No train or evaluation function is provided. Your aim is to train your MLP and evaluate its performance on this task. It is helpful to begin with evaluation. You should create a function that calculates the accuracy of your model on this task. You should assume that an output greater than 0.5 corresponds to a prediction of True (1), otherwise the prediction is False (0). This function should avoid calculating the gradients, as with codelet3.

To evidence completion of this task, and to check your own progress, you should report the accuracy of your model before and after training. You should add to the pdf accompanying your code a screenshot of the output of your code. Mine, for example, looks as follows:

Initial Accuracy: 50.0%
Final Accuracy: 100.0%

Turning to training, your aim is to train a model to achieve 100% accuracy on this task. As a cost function, you should use Binary Cross-Entropy, which is the same cost function used in Logistic Regression. You can find PyTorch’s here. You can and should draw heavily on earlier codelets. The initialization of the network greatly affects its final performance, as does the number of epochs. To assist you, a line of code is included at the top of codelet4.py which sets the random seed for PyTorch. You should tweak this until you find a seed that works well. For example, some of my random seeds remain stuck at 50% accuracy.

To evidence completion of this task, and to check your own progress, you should report the initial and final cost value for your model on the data. You should add to the pdf accompanying your code a screenshot of the output of your code. Mine, for example, looks as follows:

Initial Cost: 0.7148466110229492
Final Cost: 0.09981650859117508

Plotting Representations

Your final task is to complete the plot function and to reason about the role of the hidden layer in solving XOR. To help you approach this, plot provides the basic scaffolding. The leftmost plot, which plots input features and labels, is already completed for you. On that plot, you’ll notice four points, two squares and two stars. The X and Y axis represent different input features. For example, when the input features are both 0, the predicted label is 0 (False), which is represented by a star.

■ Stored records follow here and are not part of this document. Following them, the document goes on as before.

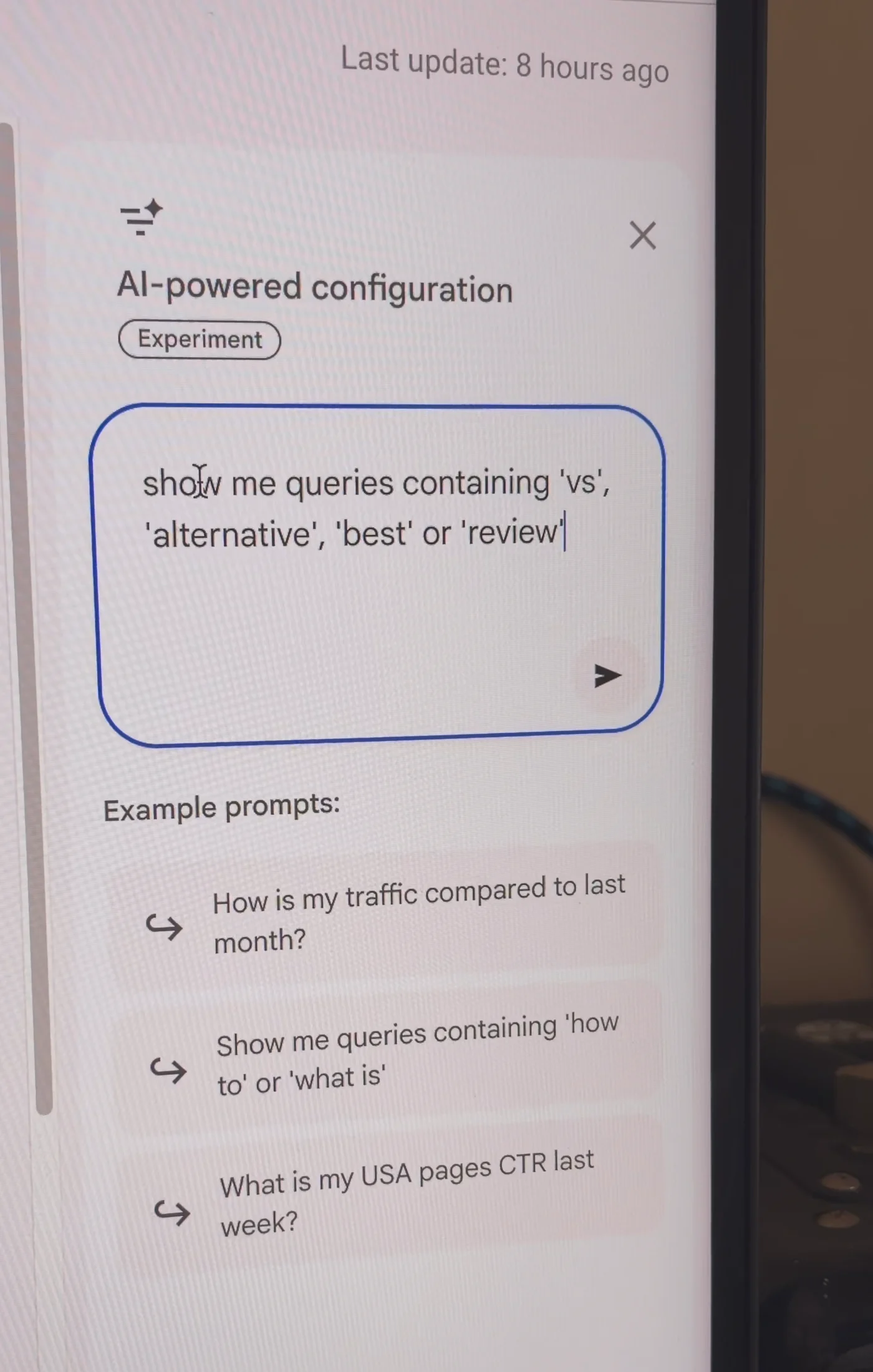 AI-powered configuration box with the prompt show me queries containing 'vs', 'alternative', 'best' or 'review'
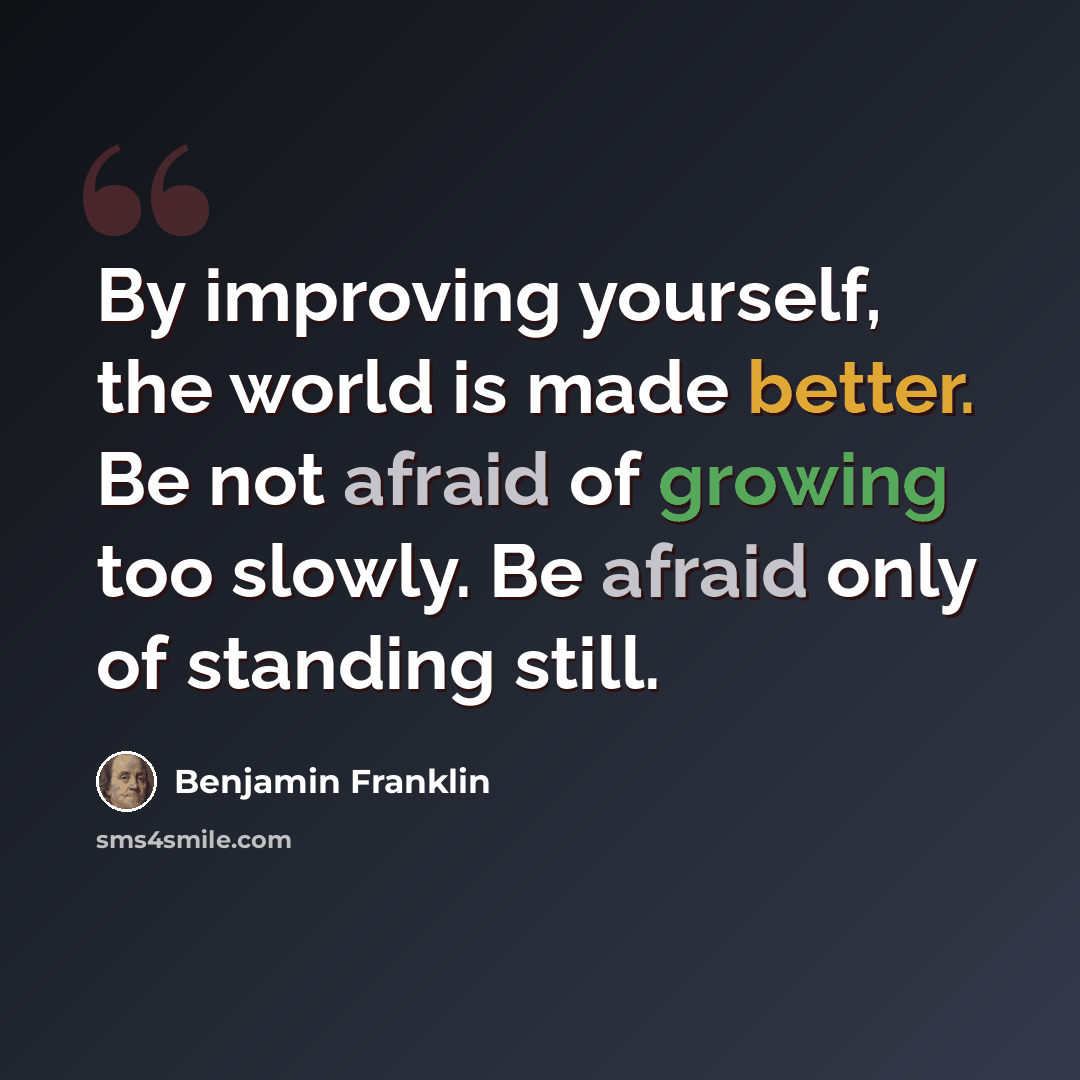 “By improving yourself, the world is made better. Be not afraid of growing too slowly. Be afraid only of standing still.” quote by Benjamin Franklin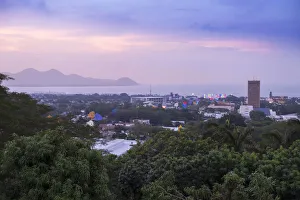 Americas, Central America, Nicaragua, Managua, the skyline of the city with lakae Managua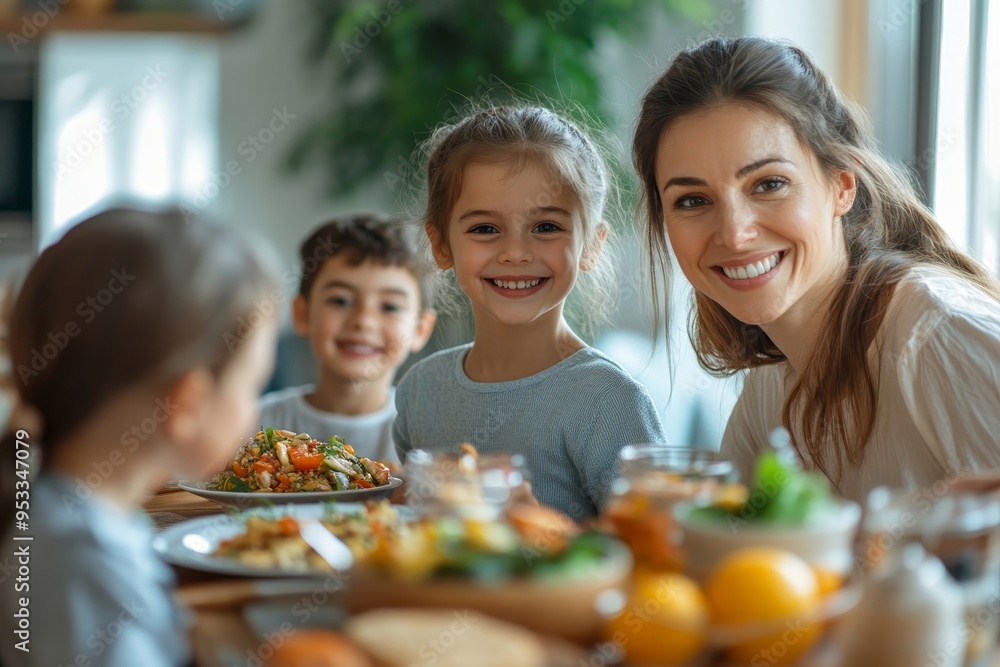 children and eating food in home together for lunch, dinner table and healthy meal. Happy family, mother and kids smile for dining in house with love, care and happiness of delicious, Generative AI children and eating food in home together for lunch, dinner table and healthy meal. Happy family, mother and kids smile for dining in house with love, care and happiness of delicious, Generative AI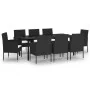 Juego de comedor de jardín 9 piezas negro | Foro24.es | Tu tienda online para hogar, jardín y más Foro24.es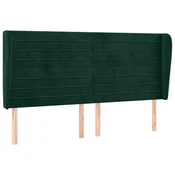 Vidaxl Vzglavje z ušesi temno zeleno 203x23x118/128 cm žamet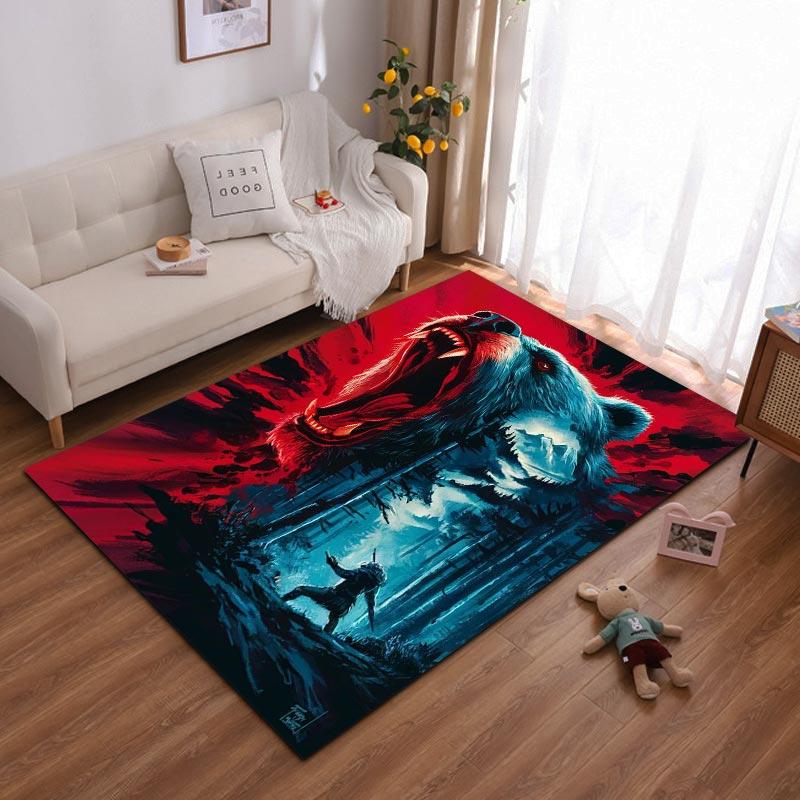 

Bear Battle Scene Rug - Red and Blue Forest Warrior Design Carpet Suitable for use as an anti-slip for living room bedroom sofas 40x60cm( 15x23in )
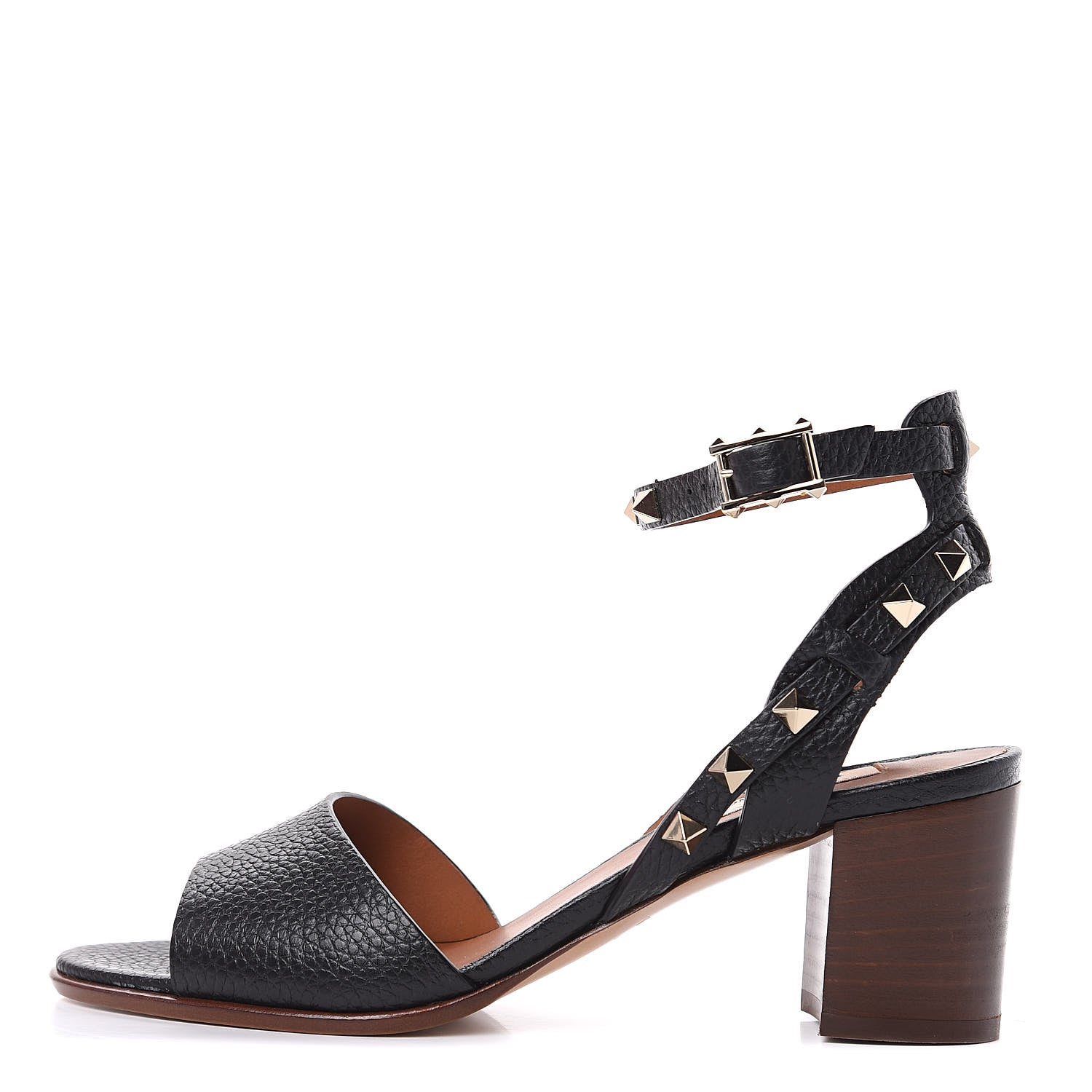 Valentino Garavani Pebbled Calfskin Rockstud Ankle Strap 60mm Sandals 37 Black Light Cuir 1 of 8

Your aim is to complete the rightmost plot, which gives the relationship between the hidden layer nodes and the labels. Note, you can add whatever parameters you want to the plot function.

To evidence completion of this task please provide screenshots of the final plots in the pdf accompanying your code. Additionally, you should provide answers to the following questions:

Given the plot on the left, why is XOR impossible to learn using Logistic Regression?
Given the plot on the right, how does the hidden layer assist in solving the XOR problem?
In general, what kinds of representations do you think a neural network tries to learn before the output layer? What type of model do you think the final weights represent (i.e. the weights mapping from the last hidden layer to the model’s prediction)?